In your reply, repeat every entry exactly and skip over each picture.

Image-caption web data

———

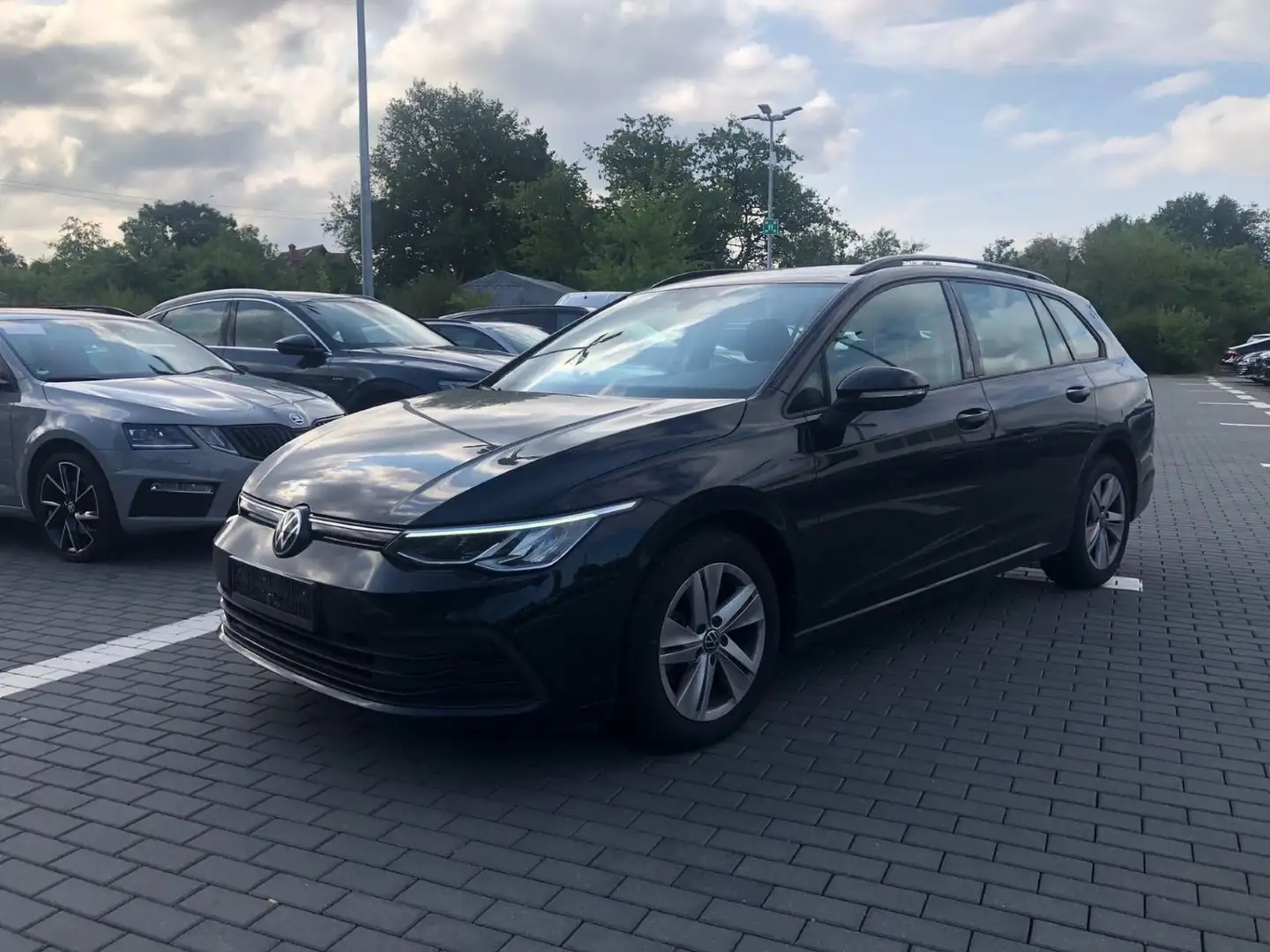 Volkswagen Golf Variant 1.0 TSI AHK*SHZ*PDC Schwarz - 2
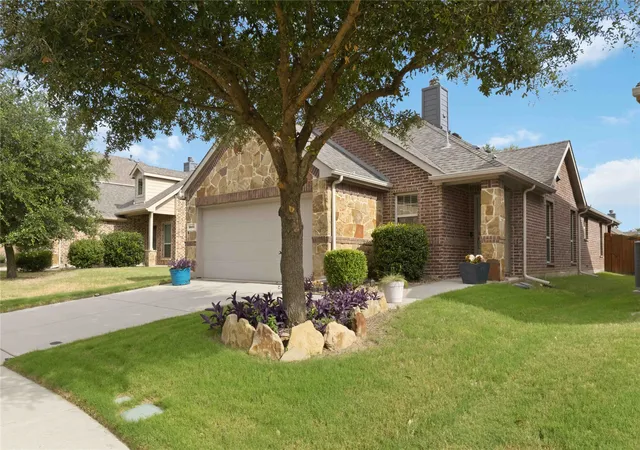 Photo 1 of Single family home for sale at 9804 Cottontail Ln, Mc Kinney, TX 75071 | MLS# 21336422 | Listing updated on 2026-09-01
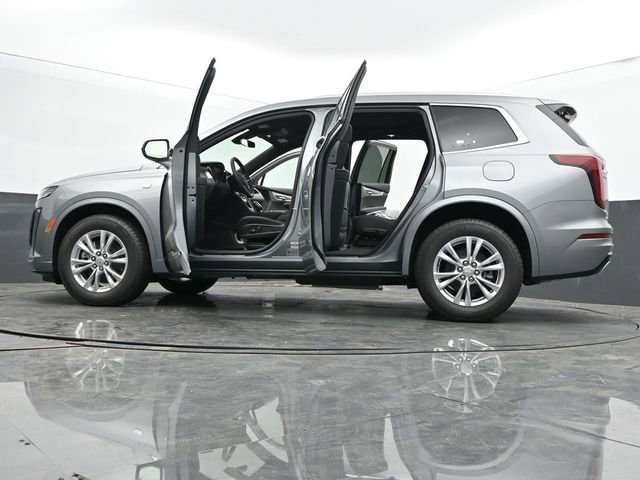 New 2025 Cadillac XT6 Luxury image 65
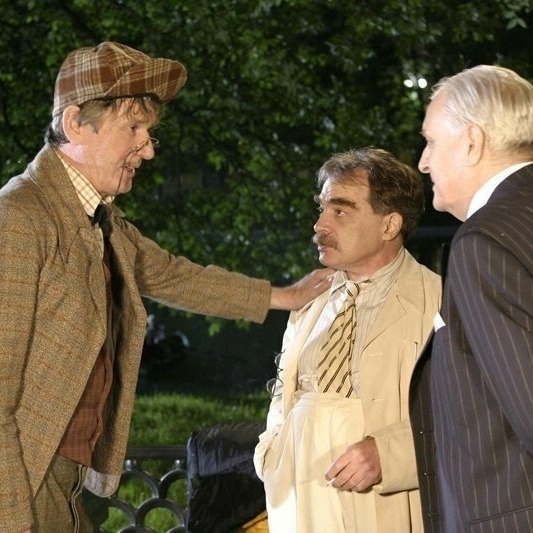 Цитaты из poмaнa «Мacтeр и Мapгapитa».
Никто не poдился, не уме...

———

RESULT FOR THIS TASK
 Volkswagen Golf Variant 1.0 TSI AHK*SHZ*PDC Schwarz - 2
 Photo 1 of Single family home for sale at 9804 Cottontail Ln, Mc Kinney, TX 75071 | MLS# 21336422 | Listing updated on 2026-09-01
 New 2025 Cadillac XT6 Luxury image 65
 Цитaты из poмaнa «Мacтeр и Мapгapитa».
Никто не poдился, не уме...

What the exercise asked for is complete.